Monday, 21 June 2010


Those hoping that the General Election would herald a change in the political culture after the long drawn out saga of MPs expenses have been sadly mistaken. No sooner had the ballot boxes been stored, the new ConDem coalition sealed in blood, the Browns moved out of No. 10 and the Camerons in, than we were treated to our first full blown scandal. David Laws, appointed Chief Secretary to the Treasury, was forced out of office before he’d even had his headed note paper printed, by revelations about his expenses and private life.

This weekend the self appointed guardians of the nation’s morality have revealed that Chris Huhne, another Liberal Democrat member of the government, has been having an affair and he has announced that he is leaving his wife. Cue the predictable discussions about whether Huhne should be required to resign.

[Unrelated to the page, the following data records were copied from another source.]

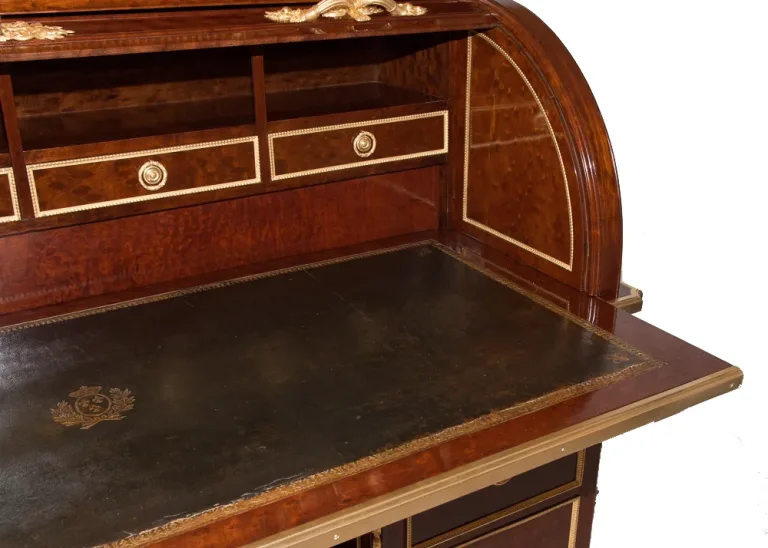 ZYLINDER TOP DESK
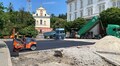 На вул. Винниченка стелять нижній шар асфальту і перемощують бруківку на примиканні до нового покриття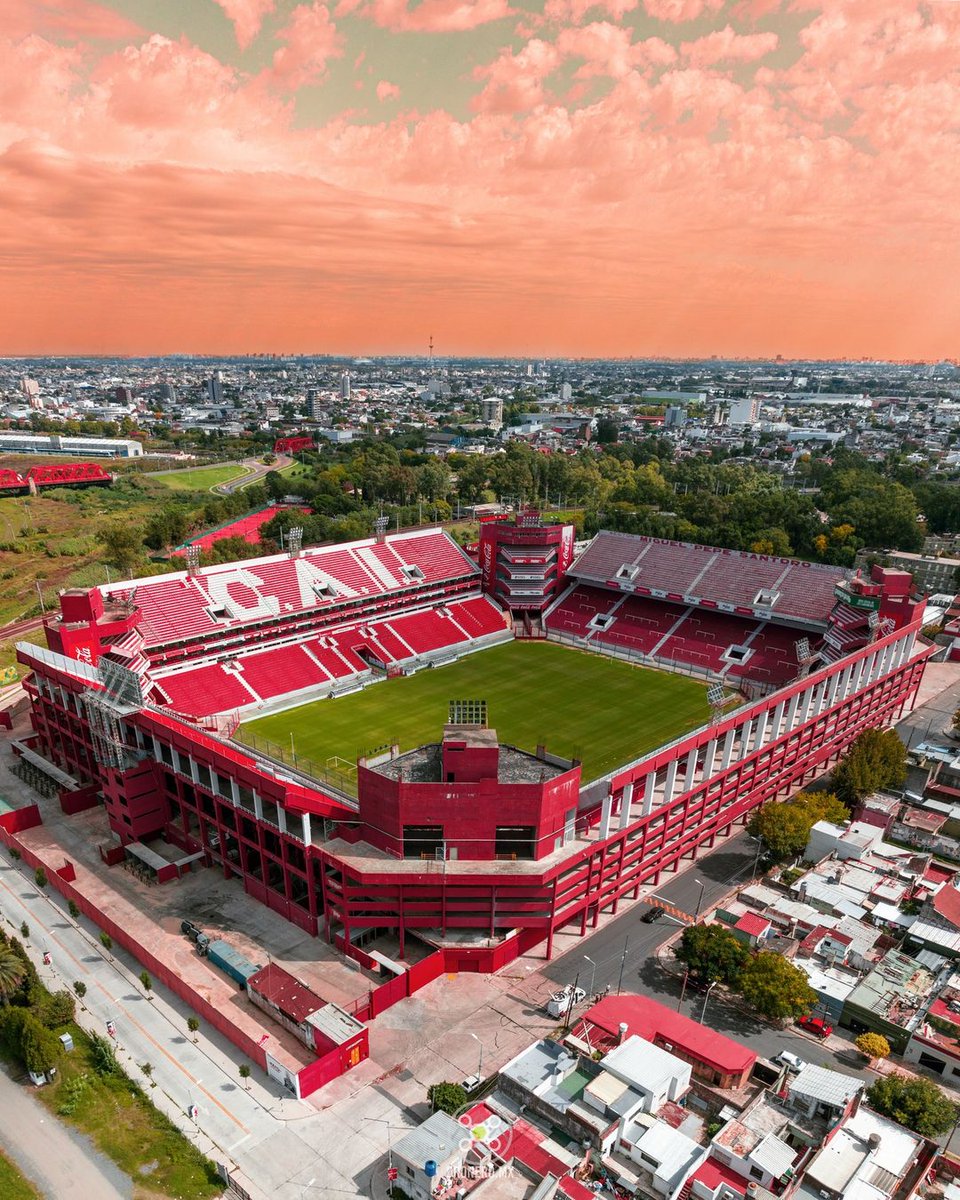 EstadiosFc's tweet photo. ◾ESTADIO LIBERTADORES DE AMERICA-RICARDO ENRIQUE BOCHINI◾

⚽ CA Independiente
📍 Buenos Aires, Argentina
⏳ 28 octubre 2019 (reconstrucción)
👥 45,000 espectadores https://t.co/IhMtyFLeBd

I had the misfortune to catch part of a conversation between Lembit Opik and Edwina Currie on BBC Radio 5 Live late Saturday night as they considered the matter; informed comment it was not.

One of the charges levelled against both men is that they have acted hypocritically. Laws made great play of his financial probity over the expenses issue in the run up to the election. The MP has now had to pay back a considerable sum claimed on expenses that he may not have been entitled to. Huhne during the election portrayed himself as a family man and the revelations about his family life suggest that he has been engaged in an affair for some time.

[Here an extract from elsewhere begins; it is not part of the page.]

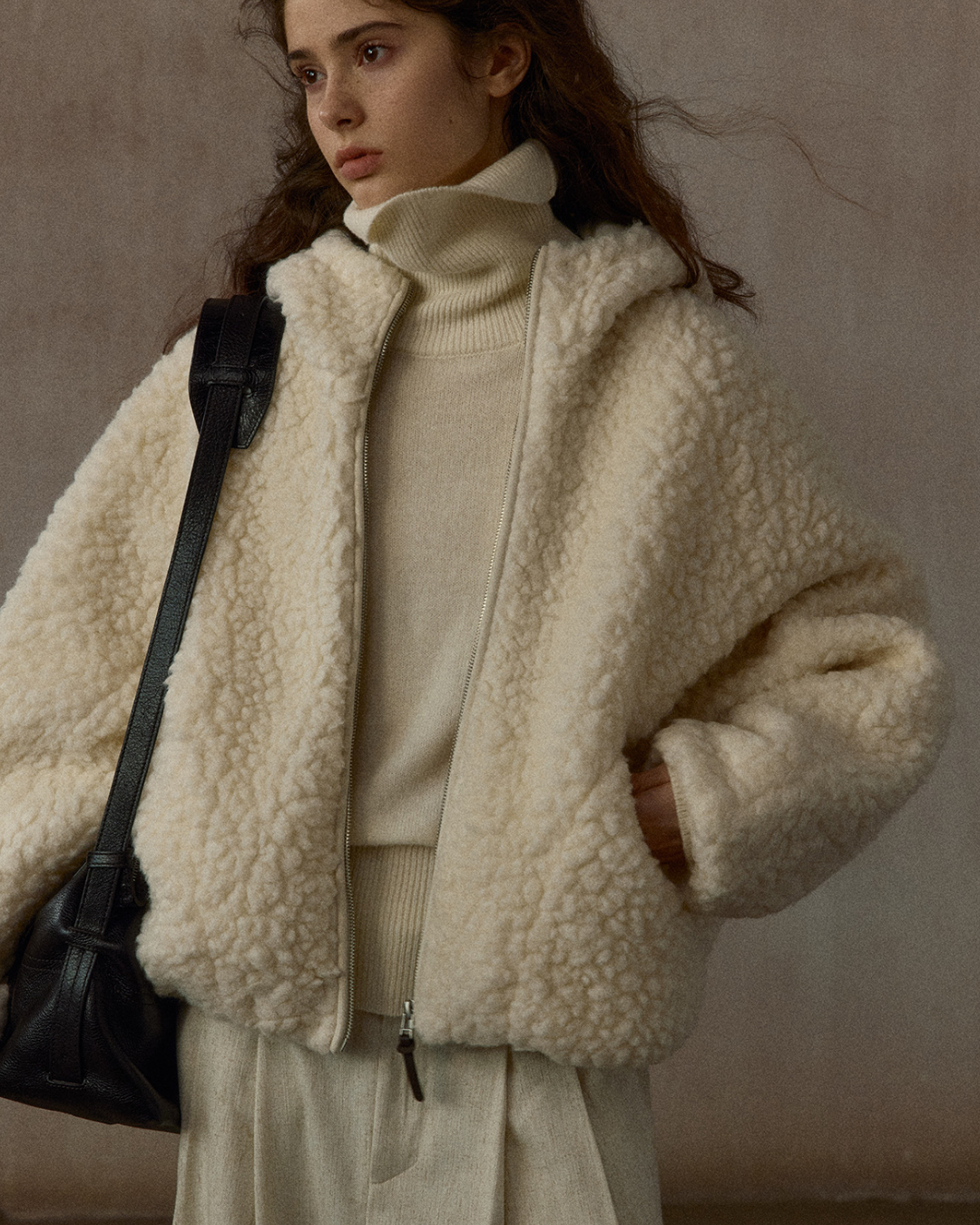 フーディーボアオーバージャケット 10326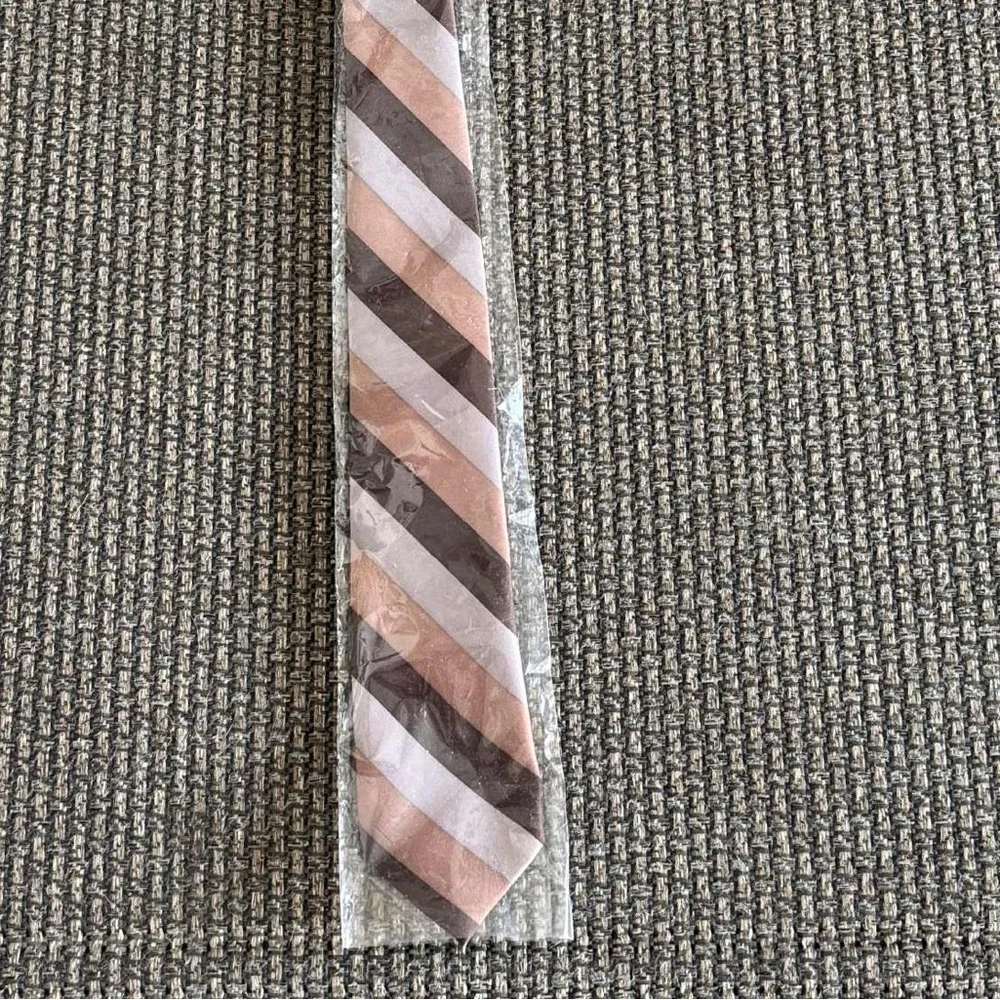 Roundtree & Yorke stylish tie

It may be that Laws and Huhne are hypocrites. I don’t know, but here’s the thing; I’m pretty certain that many of those who spend their time exposing the hypocrisy of others are themselves hypocrites. I was very impressed with a recent interview given by David Yelland, editor of The Sun from 1998 to 2003, on Radio 4 at the end of May. Yelland was speaking about his alcoholism during that period and commented that the hypocrisy involved in running front page stories exposing the lives of others was a key factor in his addiction. He wrote in The Observer: ‘The Sun was a dangerous place for me to be, because my addictive traits were big box office. I was actually paid to rush to judgement, paid to lash out and attack - it was perfect territory for the drunk.’

As I said, I don’t know if Laws and Huhne are hypocrites, however, I do know that I am. It’s one of the truths I’ve had to face up to as a Christian; I claim to be a follower of Christ and yet again and again I fail to live up to that calling. Every time I say the Lord’s Prayer I am reminded of the times I fail to forgive others and fail to trust God for my needs. The only thing that helps me to face up to the truth of my hypocrisy and to strive to overcome it is the knowledge that God knows me and loves me as I am; hypocrite that I am.

One of the big criticisms levelled against the church is that it is full of hypocrites and you don’t have to spend long reading the church press or in church to know that it is true. It’s not something to be proud of, but we do need to be honest about it. This means we need to be slow to criticise the hypocrisy of others. That is not to ignore when others have done wrong, though we do need to avoid being quick to judge and to condemn. It also means we need to reach out to those who our society has branded as hypocrites; sharing with them the generous welcome, forgiveness and love that God has shown to us.

Whenever someone says to me that the church is full of hypocrites I have a simple reply: You’re quite right, the church is full of hypocrites and there is always room for one more so why not join us?

1 comment:

Alice Smith said...

well the Daily Mail 'expose' of Chris Huhne on Sunday in a service station and felt sick and convicted as you describe.
Go out into the streets and bring in the hypocrites and the criticisers and the cynics and the needy on all levels and bring them to the banquet...paraphrase!